Aims: Recent studies show that traumatic brain injury (TBI) and aneurysmal subarachnoid hemorrhage (SAH) are frequent causes of long-term disturbances of hypothalamo-pituitary function. Still, little is known about risk factors and clinical characteristics of pituitary impairment after brain damage. This study aims to address these questions on a larger scale by establishing a national registry of these patients.
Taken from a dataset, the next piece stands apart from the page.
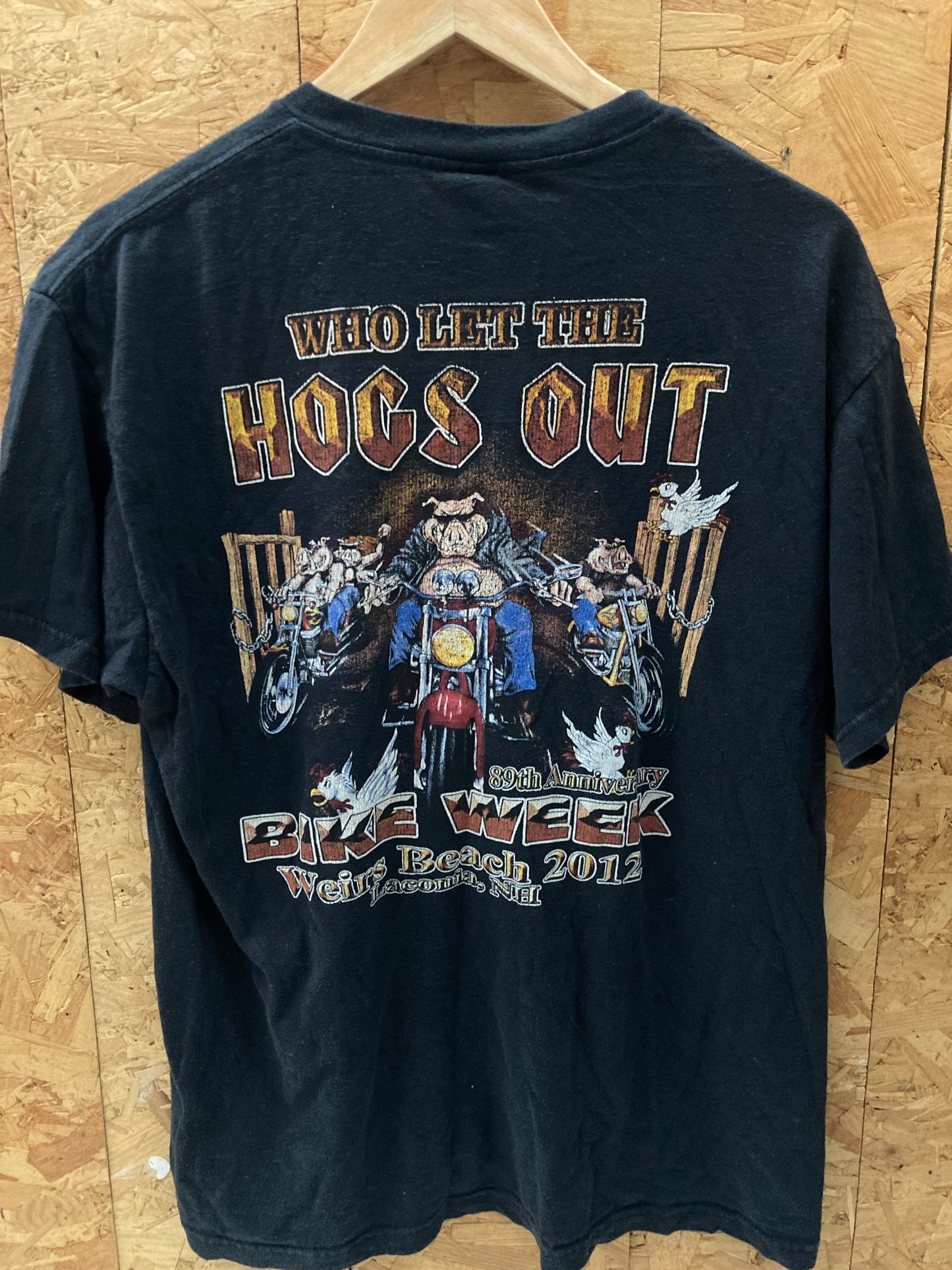 Vintage Y2K Who let the hogs out bike week Weirs beach biker t-shirt size large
Methods: Several large trauma centers in Germany treating patients with TBI or SAH and performing endocrine assessments include patients in this on-going investigation. Data are collected using a structured, internet-based study sheet, obtaining information on clinical, radiological and hormonal parameters. Results: To date, 1112 patients (725 TBI, age 43.5±19.7 years; 378 SAH, 49.7±11.8 years) have been included. Stimulation tests for the corticotropic and somatotropic axes were performed in 26% and 22% of the patients, respectively. In patients with known pituitary function, hypopituitarism was reported in 28% and 27% after TBI and SAH, respectively. According to the frequency of impairment, pituitary hormone secretion was impaired the following sequence: ACTH, LH/FSH, GH, and TSH. Conclusions: Our data confirm that hypopituitarism is a common complication of TBI and SAH, also when using data obtained from a large and unselected patient cohort. However, we can not exclude a certain selection bias for performing endocrine stimulation tests only in more severely traumatized patients.